Alphabet only revealed YouTube’s ad revenue for the first time in February of this year, disclosing that the video platform collected $15.1 billion in ad revenue in 2019, up from $11.1 billion in 2018 and $8.1 billion in 2017. Despite the pandemic impact, YouTube appears poised to set yet another revenue record in 2020.
The company also disclosed in February that its subscription offerings, which include the live-TV replacement YouTube TV and YouTube Music, had a $3 billion annual run rate, with YouTube TV counting more than 2 million subscribers. It did not immediately offer updated figures in its latest earnings report, though CEO Sundar Pichai said that YouTube’s paid services were “seeing strong demand.”

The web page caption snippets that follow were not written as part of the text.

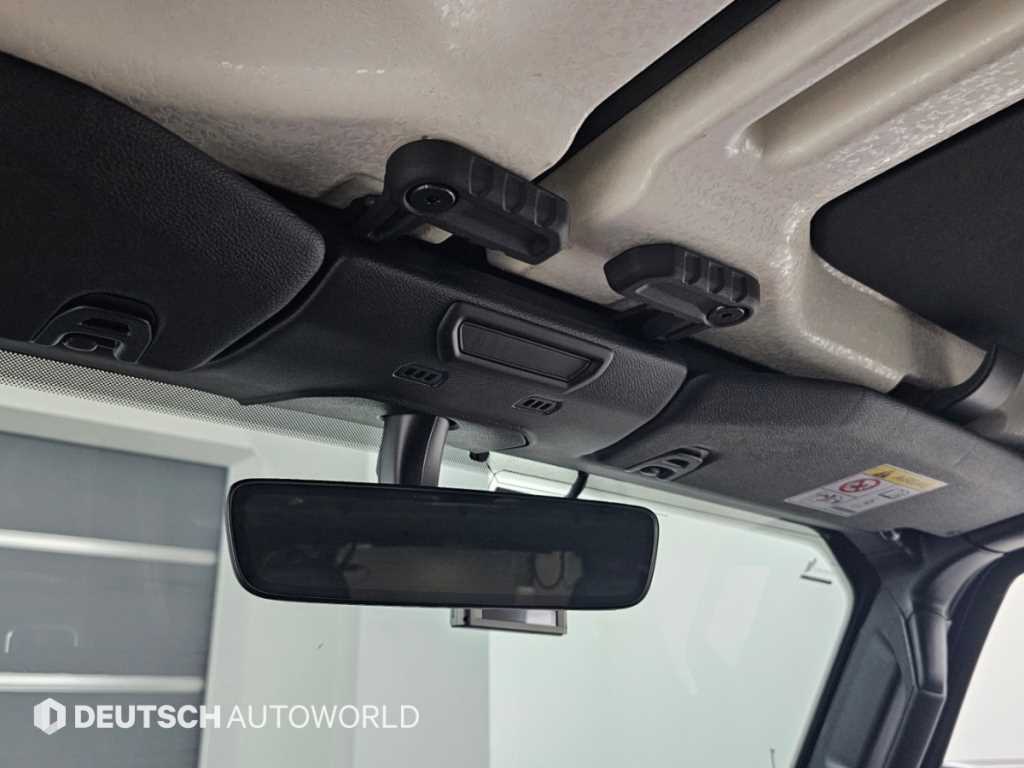 Jeep Wrangler — photo 18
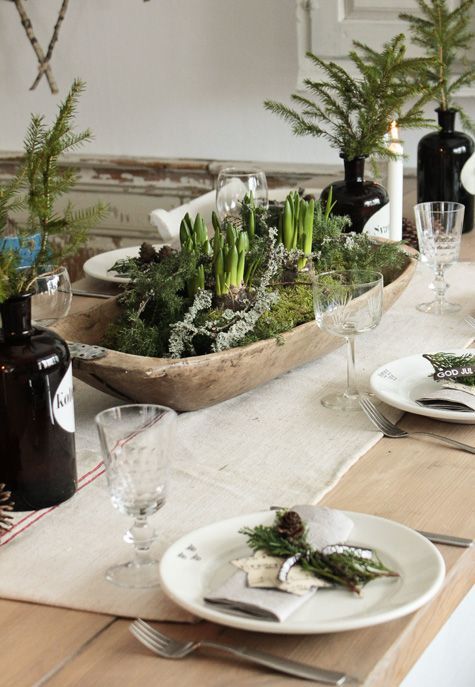 Are you hosting Christmas dinner or another holiday event this year? You'll be inspired by these beautiful Christmas and holiday table setting ideas!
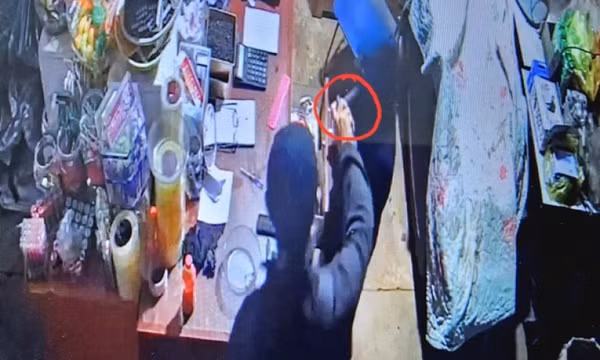 Thiếu niên 16 tuổi dùng bình hơi cay xịt vào mặt chủ quán để cướp tiền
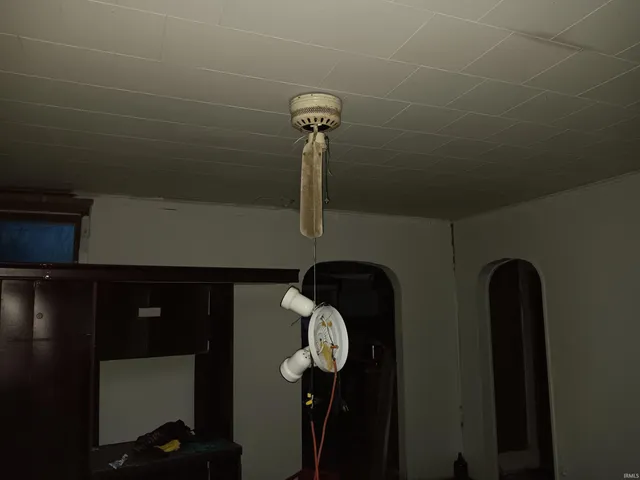 $28,405 | 317 West Glenn Street, Shelburn, IN 47879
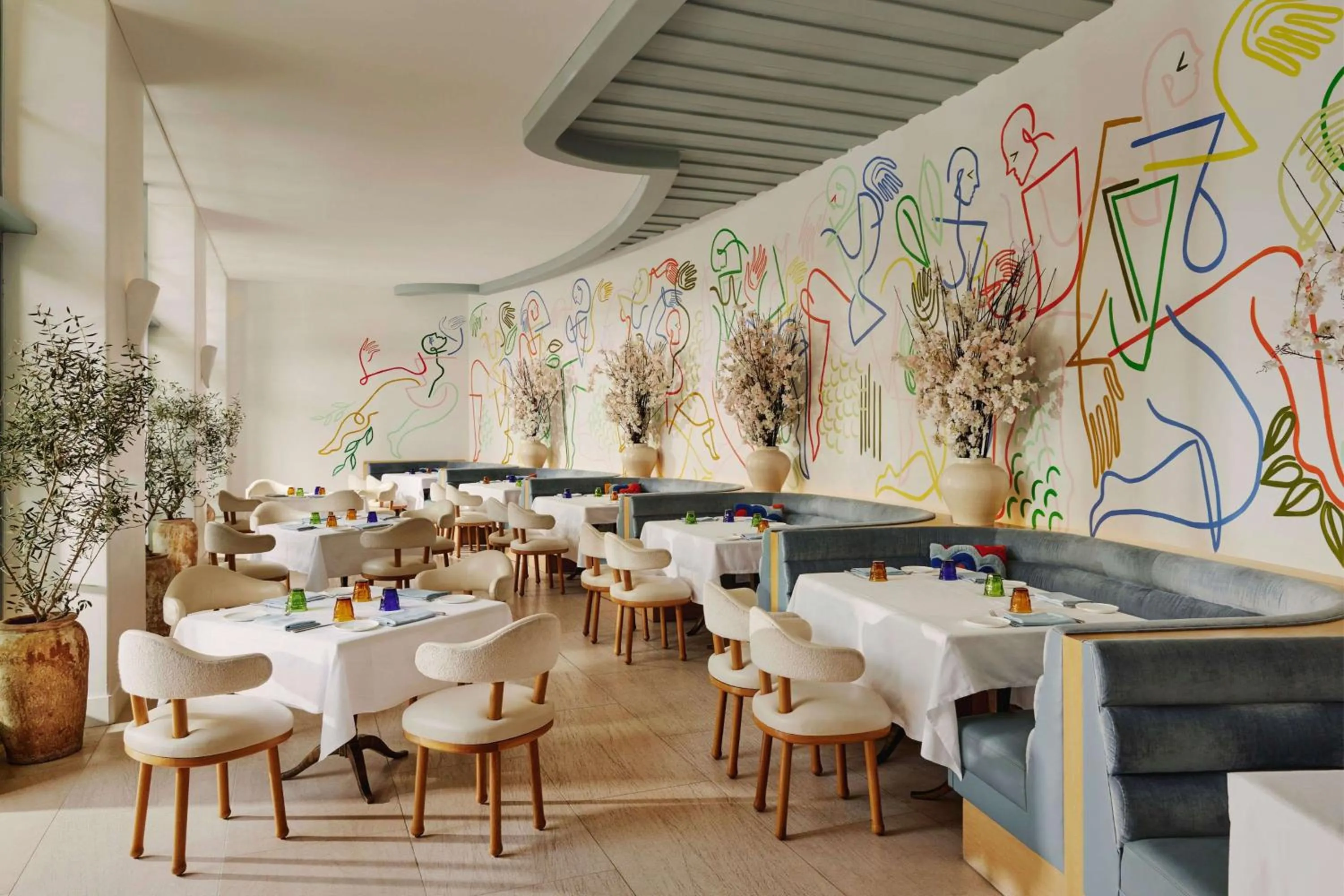 Property building in The Maybourne Beverly Hills, Maybourne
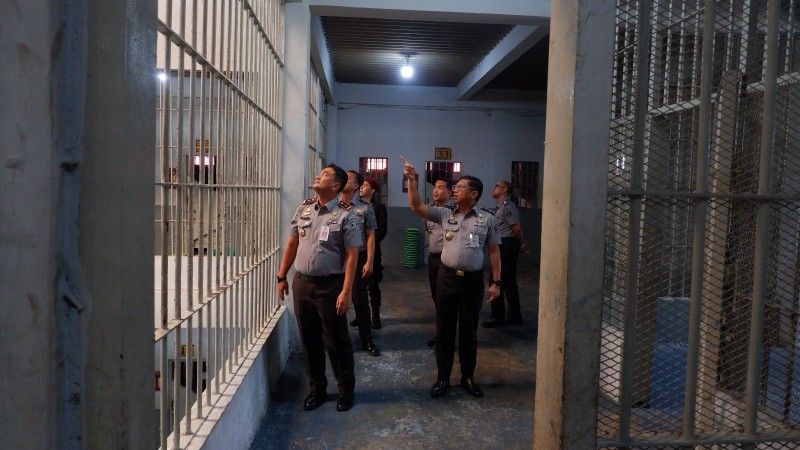 Perkuat Pengawasan, Kadiv Pemasyarakatan Riau Sidak Blok Hunian Rutan Pekanbaru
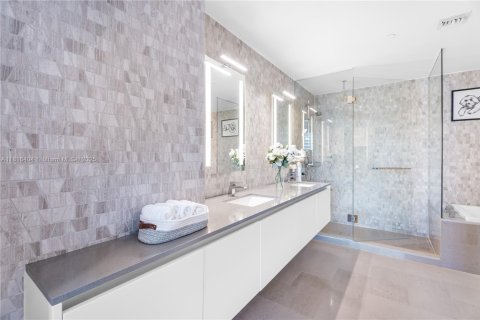 Купить кондоминиум в Майами, Флорида 3 спальни, 152.45м2, № 1776084 - фото 7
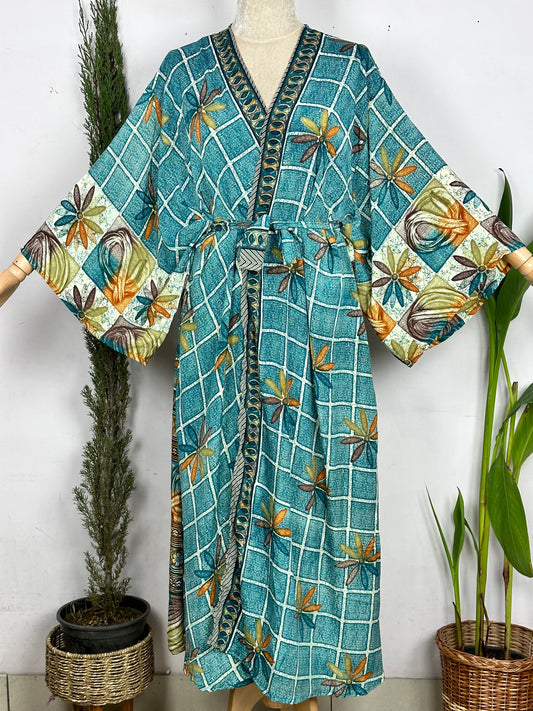 Robe courte en soie Upcycle Boho | Cardigan de plage tropicale, robe de maison d'été, robe de chambre | Vêtements de détente à fleurs bleues pour elle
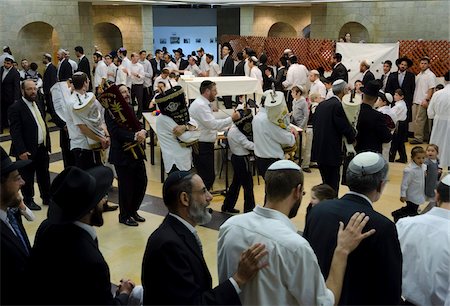 dancing travel - Jews dancing with Torah scrolls, Simhat Torah Jewish Festival, Jerusalem, Israel, Middle East Stock Photo - Rights-Managed, Code: 841-05960581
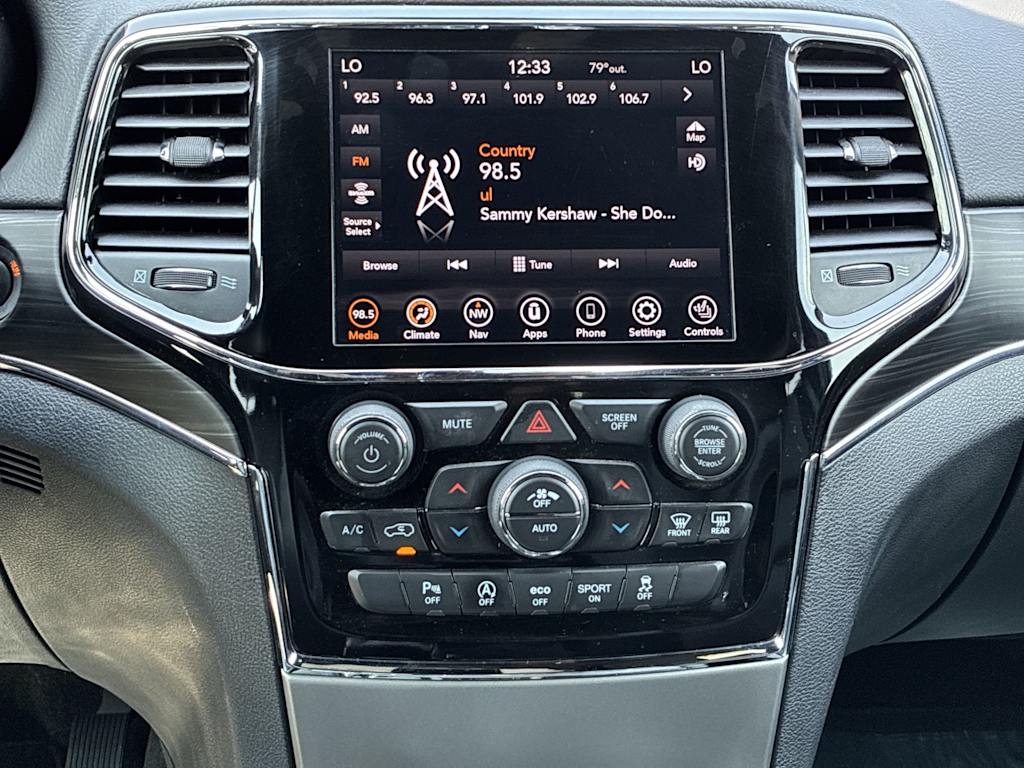 Thumbnail: 2020 Jeep Grand Cherokee - 18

“As YouTube TV gets more scale, we will see more opportunities there,” Pichai said. “In the U.S. the TV market is a big part of the advertising market, so if we can invest here and scale up, the opportunities will become more meaningful over time.”
Overall, Alphabet’s revenue in Q2 was $38.3 billion, down from $41.1 billion last quarter and from $38.9 billion a year ago. Porat also struck a note of caution on the company’s earnings call, saying that while the advertising trends were improving, “it’s premature to say that we are out of the woods, given the nature of the macro environment.”